EXERCISE GOAL
Without reproducing any image, print the listing below exactly.

EXERCISE DATA
[Start of Attachment]

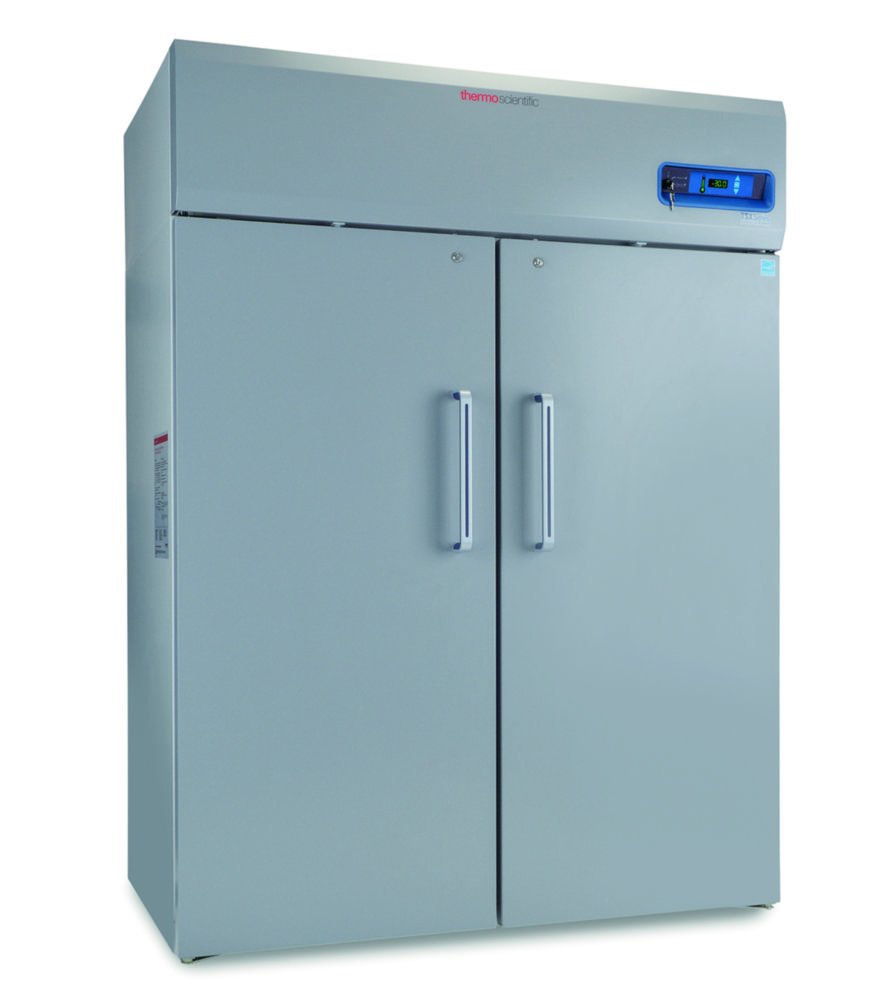 High performance freezers TSX Series, up to -35 °C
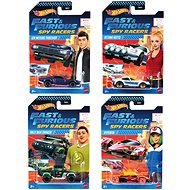 Hot Wheels Fast And Furious Toy Car - Hot Wheels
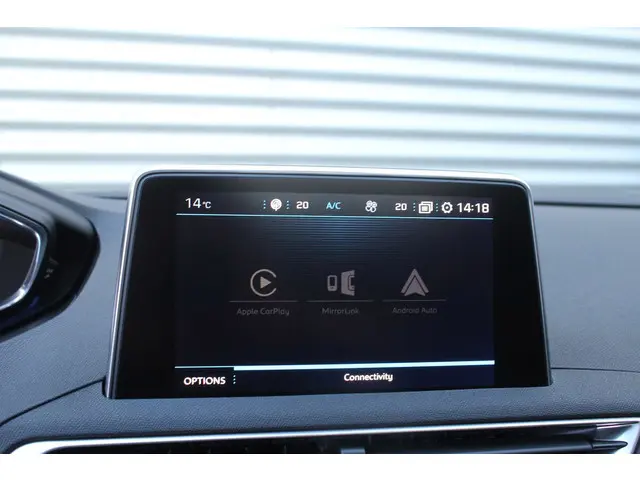 Peugeot 3008 1.2 PureTech Première 2017 Benzine 15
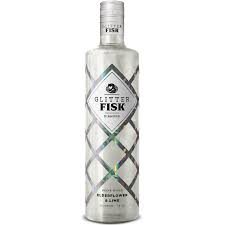 Glitter Fisk Diamond 0.7L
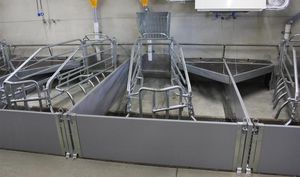 Vissing Agro A/S : �������������� -
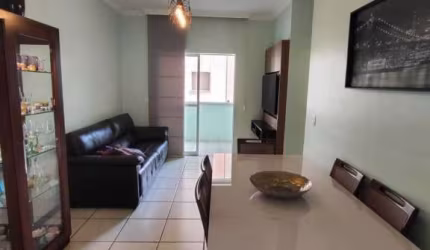 Apartamento com 3 quartos à venda em Belo Horizonte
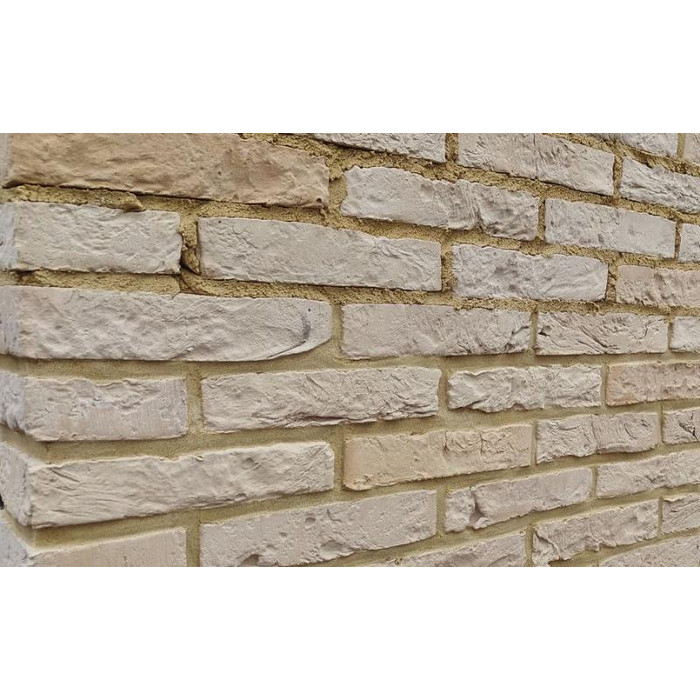 Кирпич облицовочный Hans Bekker 1929, 215х102х40 мм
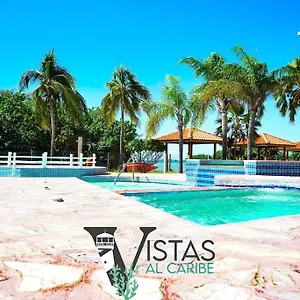 Apartment Ocean View, Playas Del Caribe, Cabo Rojo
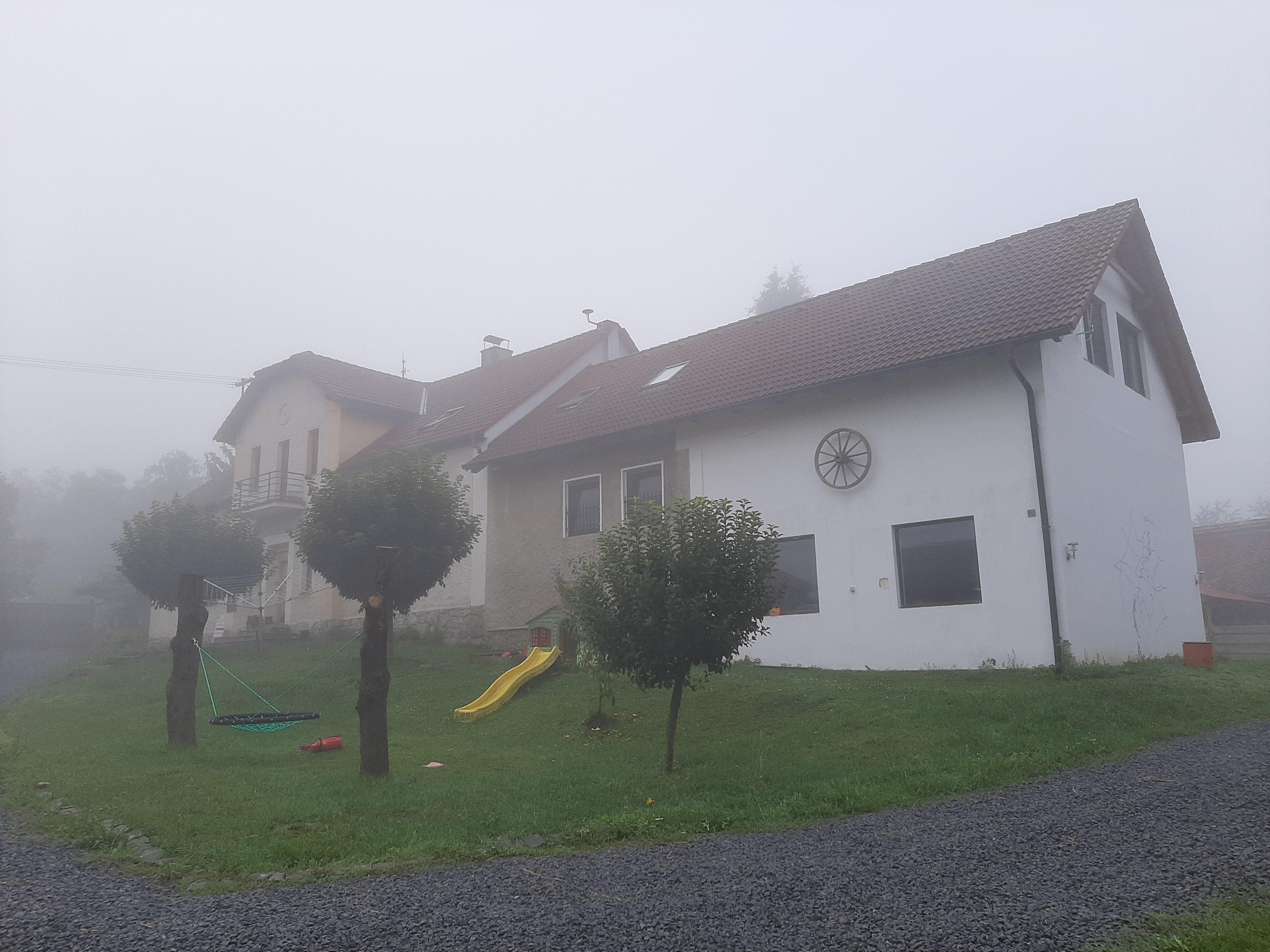 Apartmán u Lochů foto 3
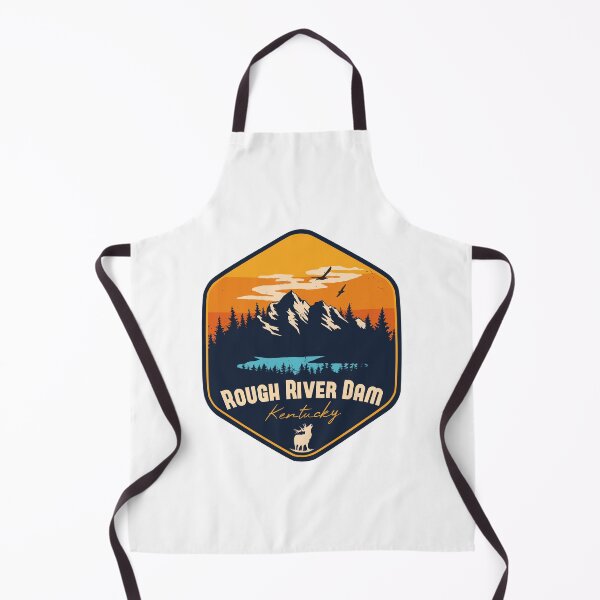 Item preview, Rough River Dam - Kentucky State Parks designed and sold by mountainfad.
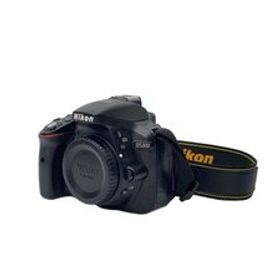 Nikon◆一眼レフデジタルカメラ/D5300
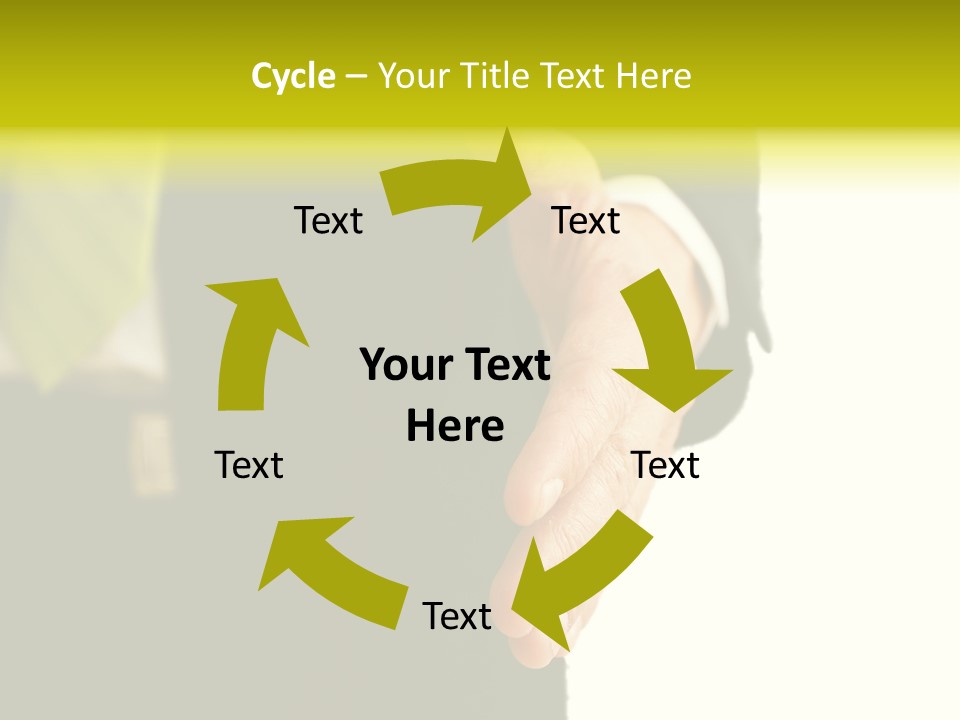 Tick On Skin PowerPoint Template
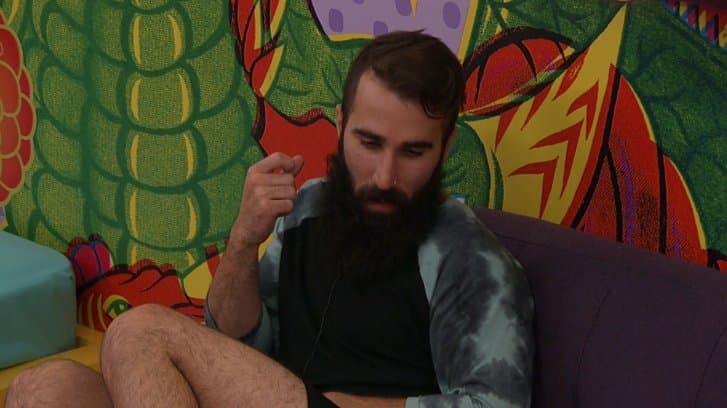 Eviction Predictions And Live Updates; Mini Paul Meltdown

[End of Attachment]

OUTPUT
 High performance freezers TSX Series, up to -35 °C
 Hot Wheels Fast And Furious Toy Car - Hot Wheels
 Peugeot 3008 1.2 PureTech Première 2017 Benzine 15
 Glitter Fisk Diamond 0.7L
 Vissing Agro A/S : �������������� -
 Apartamento com 3 quartos à venda em Belo Horizonte
 Кирпич облицовочный Hans Bekker 1929, 215х102х40 мм
 Apartment Ocean View, Playas Del Caribe, Cabo Rojo
 Apartmán u Lochů foto 3
 Item preview, Rough River Dam - Kentucky State Parks designed and sold by mountainfad.
 Nikon◆一眼レフデジタルカメラ/D5300
 Tick On Skin PowerPoint Template
 Eviction Predictions And Live Updates; Mini Paul Meltdown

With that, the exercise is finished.